In order to give value to ecoins, it is necessarily to make them convertible with some other currency, normally an account based currency. It is difficult to do this without supporting accounts. One could of course have a pile of gold, and physically and in person exchange coins for physical gold, but it is considerably more convenient to exchange coins for account based money, such as e-gold. It is difficult to make such transactions entirely atomic, because of the possibility that something might go wrong, requiring durable state. We then need a database key for that state. Such a database key looks rather like an account
By itself, this trivial mint can support a transaction system, and in principle a whole economy. For Alice to pay Bob, she gives him coins. Bob exchanges them at the mint for new coins, thereby checking that they are good. End of transaction. Bob can spend his new coins elsewhere, unlinkable to the exchange.
This only works if the transaction is complete and final, for example downloading pornography, or for people who meet physically, and exchange physical assets for ecash. If the transaction is for account assets outside the system, then the transaction must have state that looks very like an account, if only a transient account.
The mint does not even have to be involved in transfers between ecash and other forms of payment. This is one of the things the e-gold people got right. They outsourced in- and out-transactions. You go to any of dozens of coin dealers, currency services, shady operators of all stripes, to get money into or out of your e-gold account. The same thing would work here. Third parties would offer to buy or sell ecash for dollars, grams of gold, hi grade cocaine, etc.
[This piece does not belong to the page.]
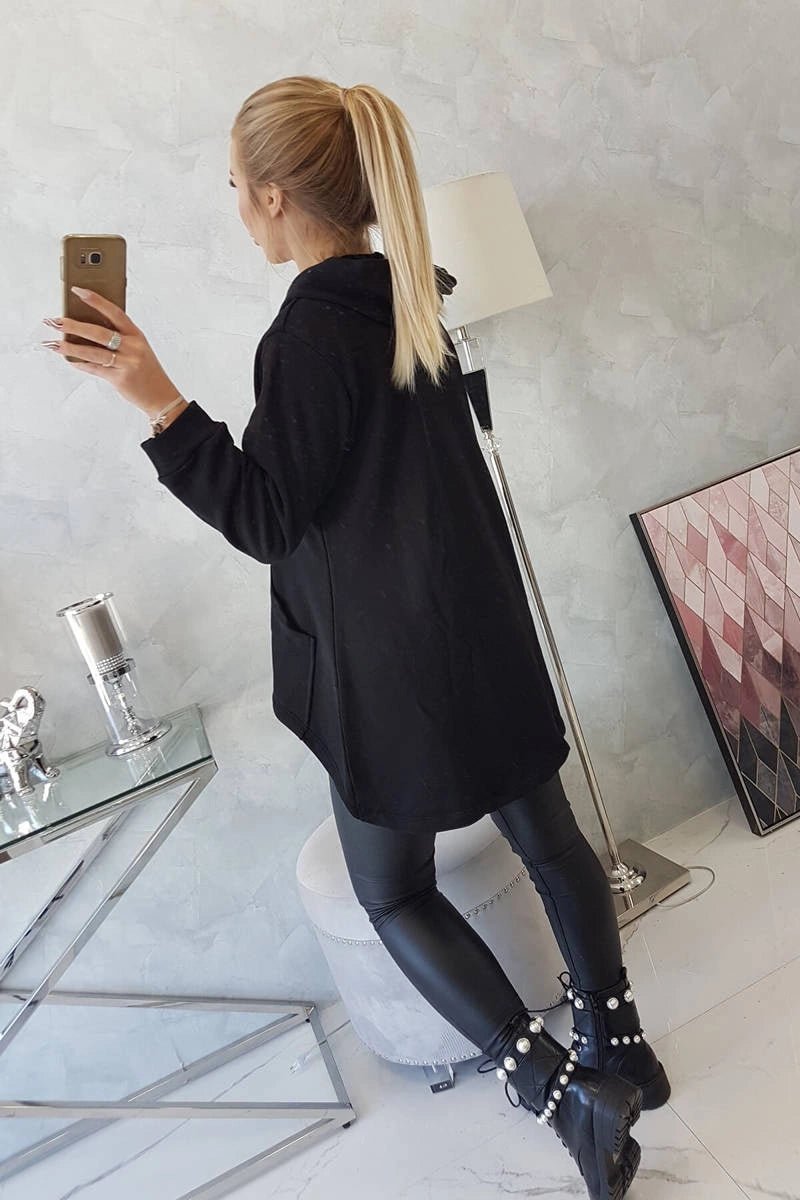 Sweatshirt with longer back and hood 9108 / – Black цвет / color | Lexline Fashion
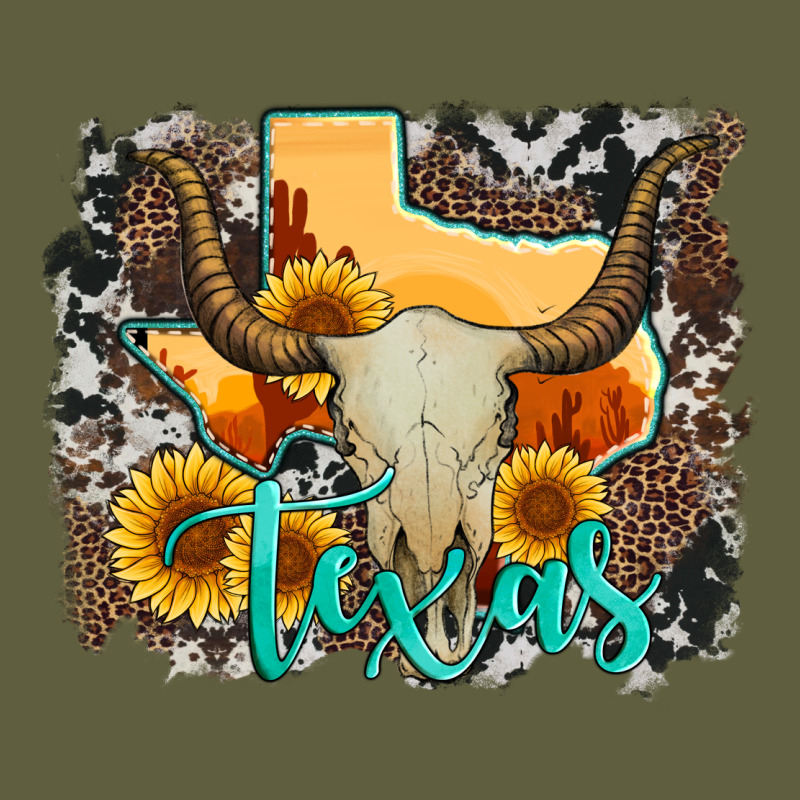 Western Texas  And Cowhide With Sunflower Vintage Tee by Artiststas | Teevron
The value of e-gold is ultimately maintained by physical transfers with a pile of gold inside a vault outside US jurisdiction. It takes a great deal of time and cost to actually transfer stuff to and from that vault, hence the numerous intermediaries. The intermediaries therefore find it convenient to maintain accounts with e-gold. While accounts are not needed for many transactions, and should be avoided where possible, they are convenient for many transactions, and essential for some.